A Review: The Return of Sherlock Holmes by A. Conan Doyle

4/5 stars

I have been reading books so slowly this year but after starting the third series of the BBC's “Sherlock” I decided to go back to my near-omnibus collection of Holmes tales and finish the third short story collection to be published. How does one review Sherlock Homes stories? If you are already a fan of the consulting detective these stories are more of the same. Watson is as wooden and clueless as ever. Holmes is as brilliant and manic as ever. The details of Victorian London with its trains, hansoms, calling cards, telegrams, retired soldiers and women caught by social conventions are all part of the fun. However, if you are planning to start reading the Holmes stories, there are better places to begin (I suggest A Study in Scarlet, which is the beginning). Doyle killed his creation off in 1893 because of his own declining interest in writing the stories. The stories in this collection began appearing in 1903 and though Holmes is back by popular demand, it seems the break didn't help Doyle rekindle any interest in the character.

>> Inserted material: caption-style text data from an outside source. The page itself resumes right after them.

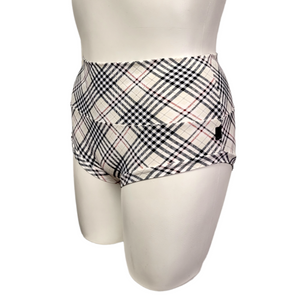 High Waisted Booty Short in White Plaid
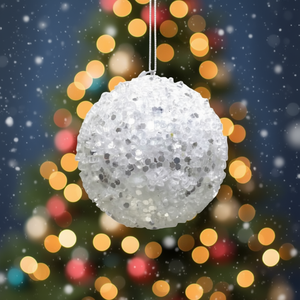 Homeera Christmas Ornament 10Cm Ball White Sequins Round Plastic Tree Decoration - Product Image 2
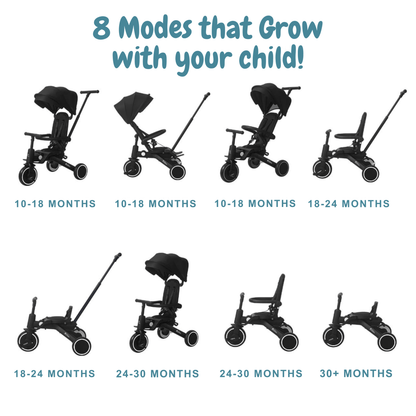 Foryourlittleone Xplor Ultimate 6 in 1 Foldable Trike - Jet Black (10m-4y)
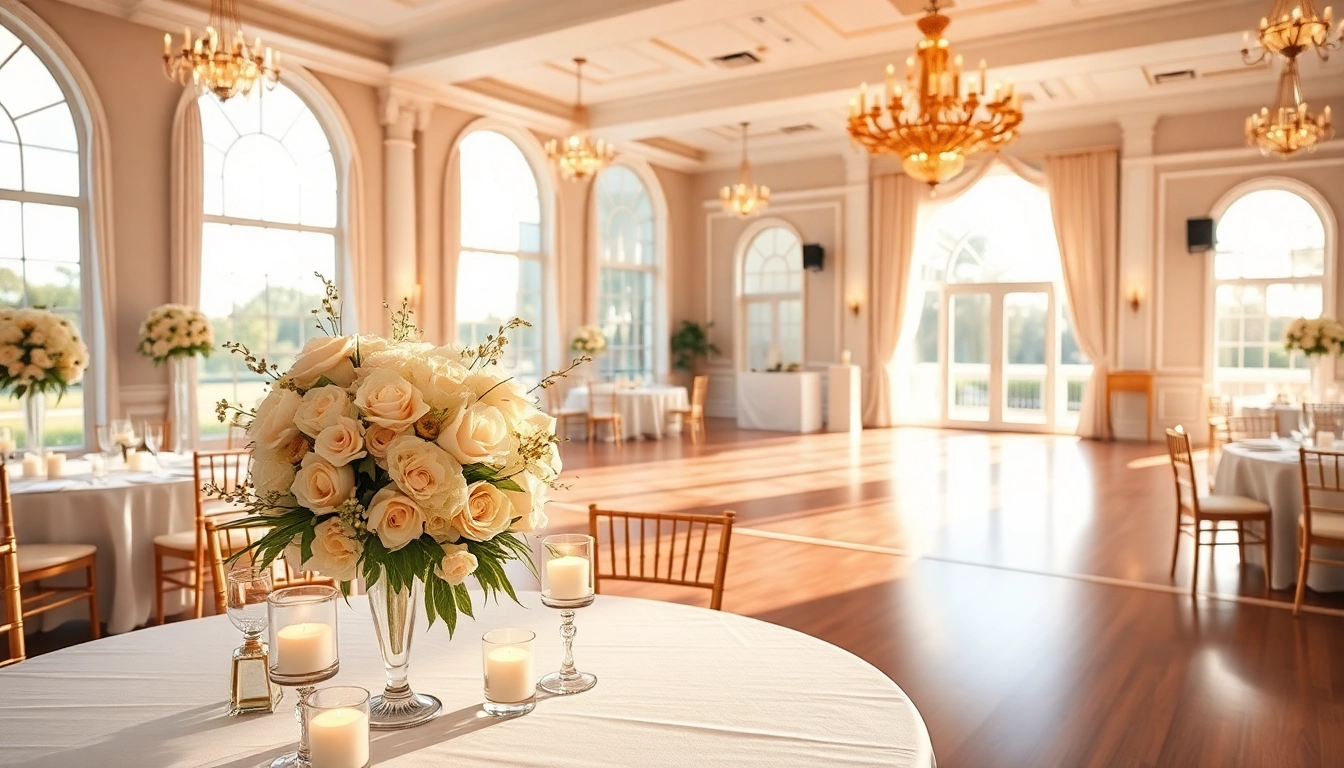 Stunning wedding event space Jacksonville featuring elegant decorations and natural lighting.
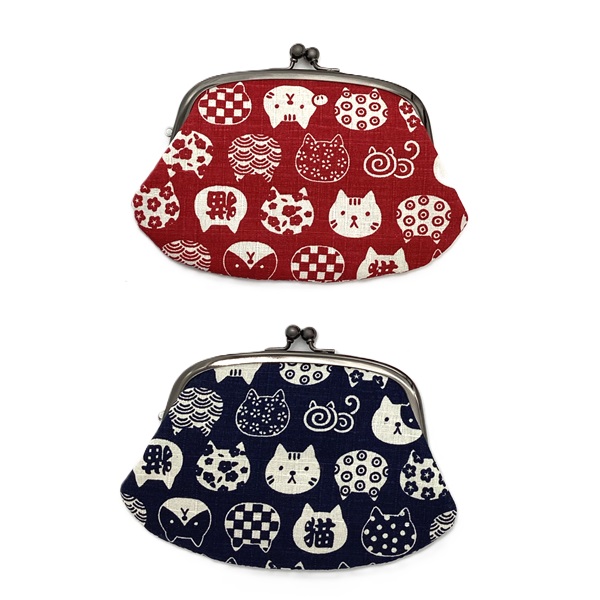 【日本製】にゃんこもん　親子がま口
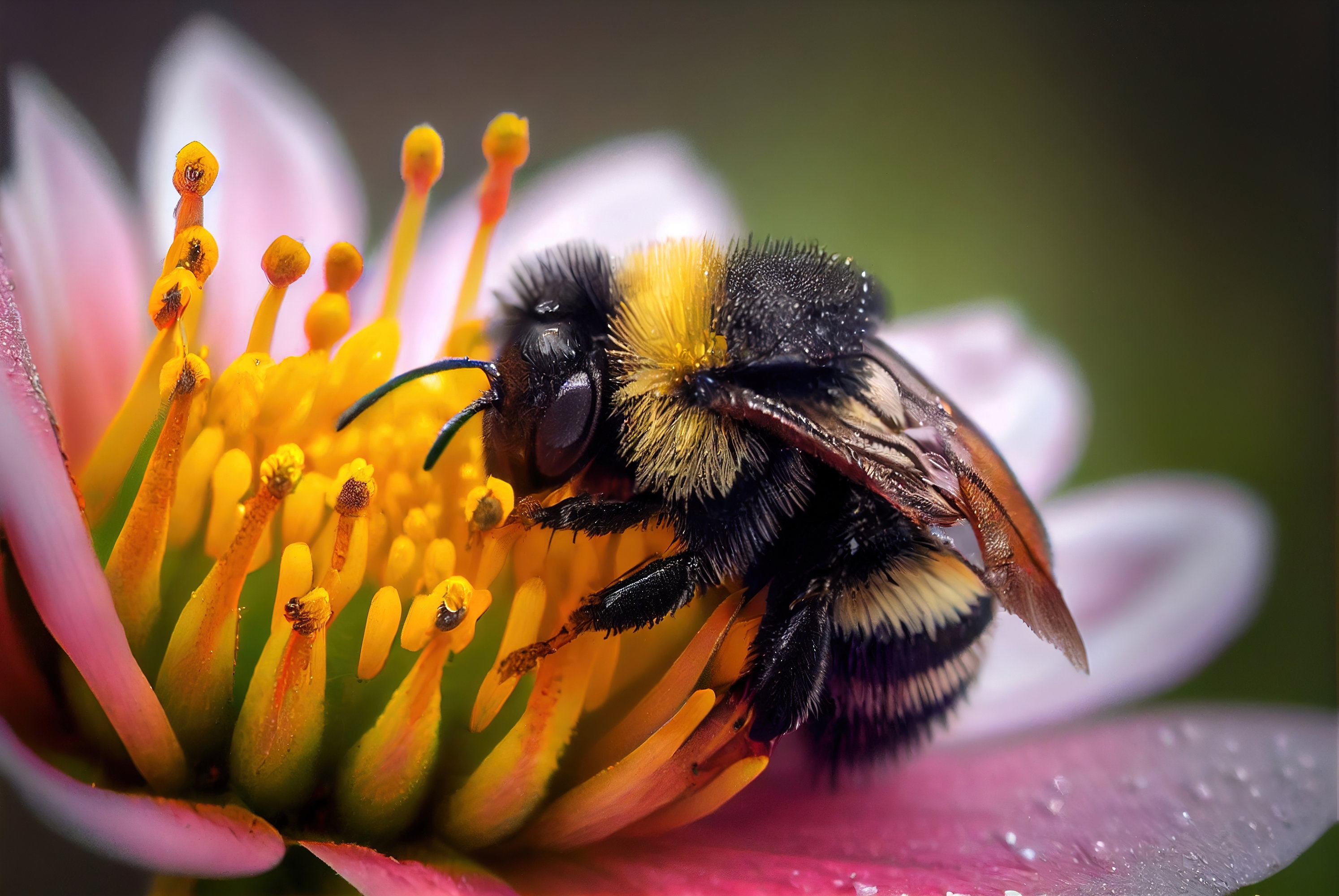 Bumblebee,On,A,Flower,Macro.,Bumblebee,Collects,Flower,Nectar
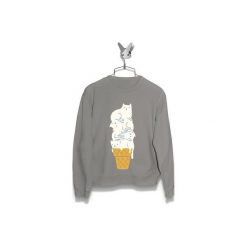 Bluza Kocie Lody Męska. Szare bluzy bez kaptura damskie Failfake, m. Za 170.00 zł.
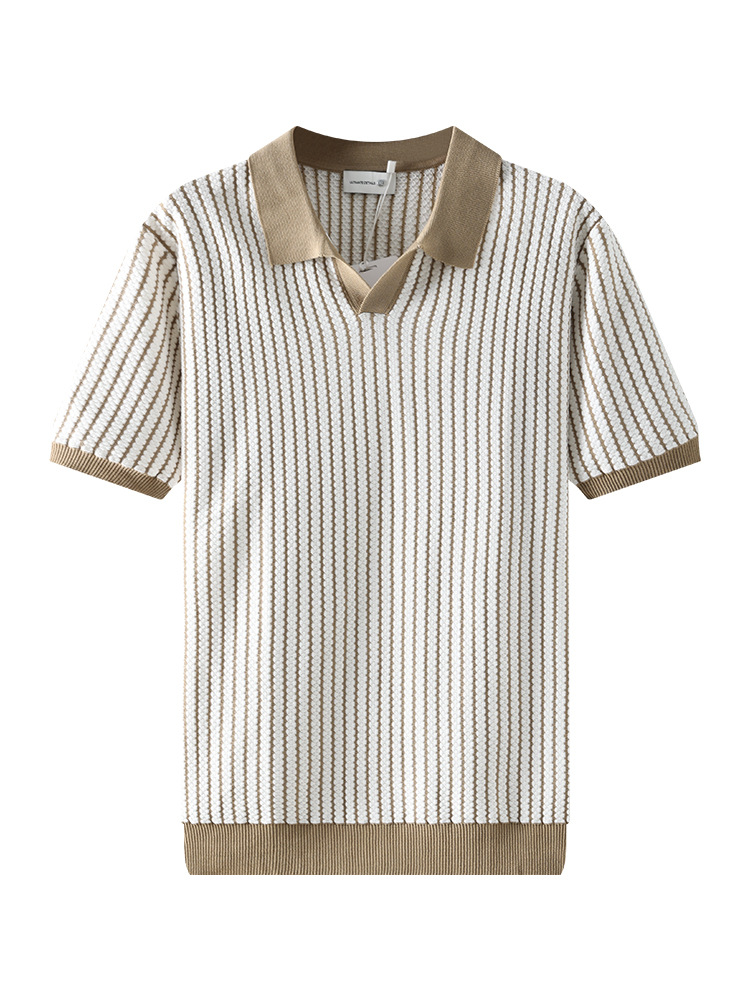 Camisas de polo de punto a rayas verticales de verano hombre ligero viento collar de collar de manga corta chaqueta de negocios casual al por mayor transfronteriza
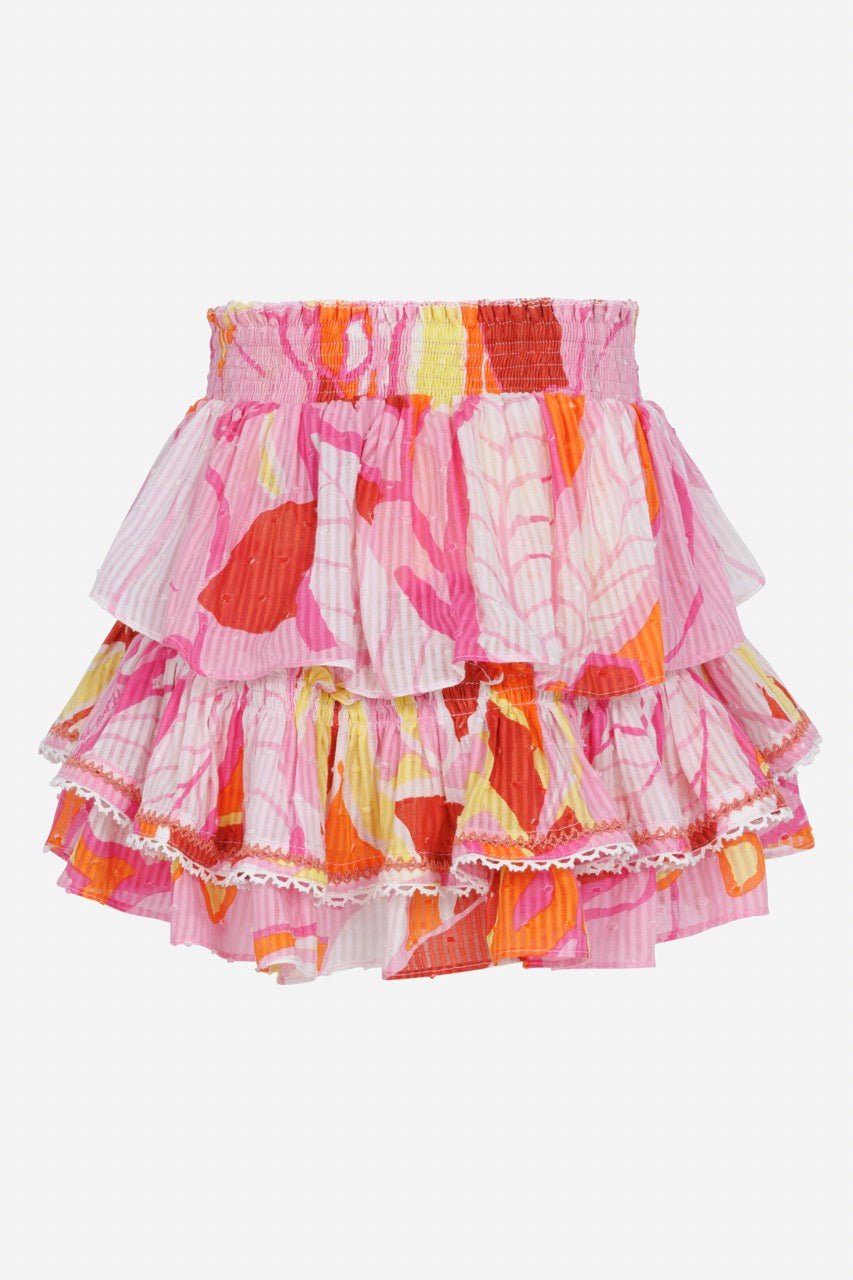 Mini Skirt Ariane for girls - Pink Macro Lilium - Poupette St Barth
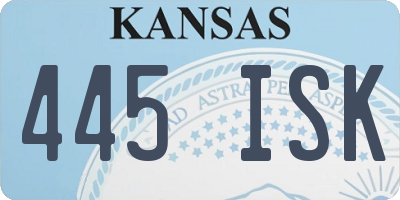 KS license plate 445ISK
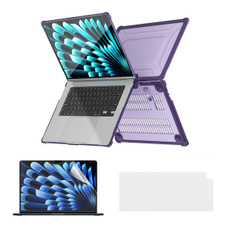 For MacBook Air 15.3 A2941 ENKAY Hat-Prince 3 in 1 Protective Bracket Case Cover Hard Shell with TPU Keyboard Film / PET Screen Protector, Version:US(Purple)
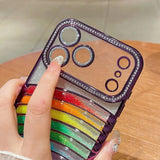 Plating Glitter Diamond Rainbow Quicksand Case For iPhone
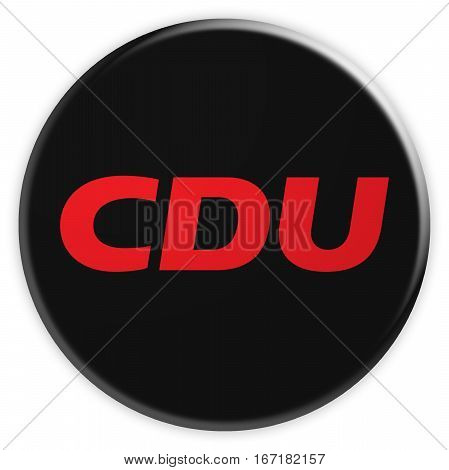 Germany Political Party Badge: CDU Button 3d illustration on white background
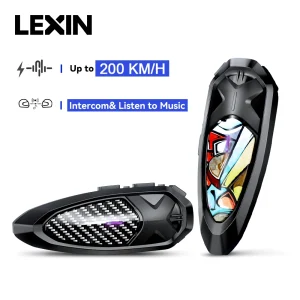 Lexin GTX Interfono Bluetooth per casco da motociclista Supporto per auricolare Citofono e ascolta musica a un periodo 10 ciclisti 2000m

I think mystery stories should be a game the author plays with the reader. Many clues are given by the author and the reader has a chance of sifting through them all to guess the solution just ahead of the author's revelation of the truth. If mysteries are that game, in these stories Doyle often cheats. More so than in other Holmes collections the adventures in Return rely on tiny clues which only Holmes observes (that's fine, he's the genius detective) and which Holmes doesn't tell anyone about (come on!). The adventures of the Priory School, the Golden Pince-Nez and the Abby Grange all strike me that way. That said, they aren't all cheaty. The Missing Three-Quarter, the Six Napoleons and my favorite Sherlock Holmes short story, The Solitary Cyclist are each about initially mistaking a character's motivations rather than missing subtle trace evidence.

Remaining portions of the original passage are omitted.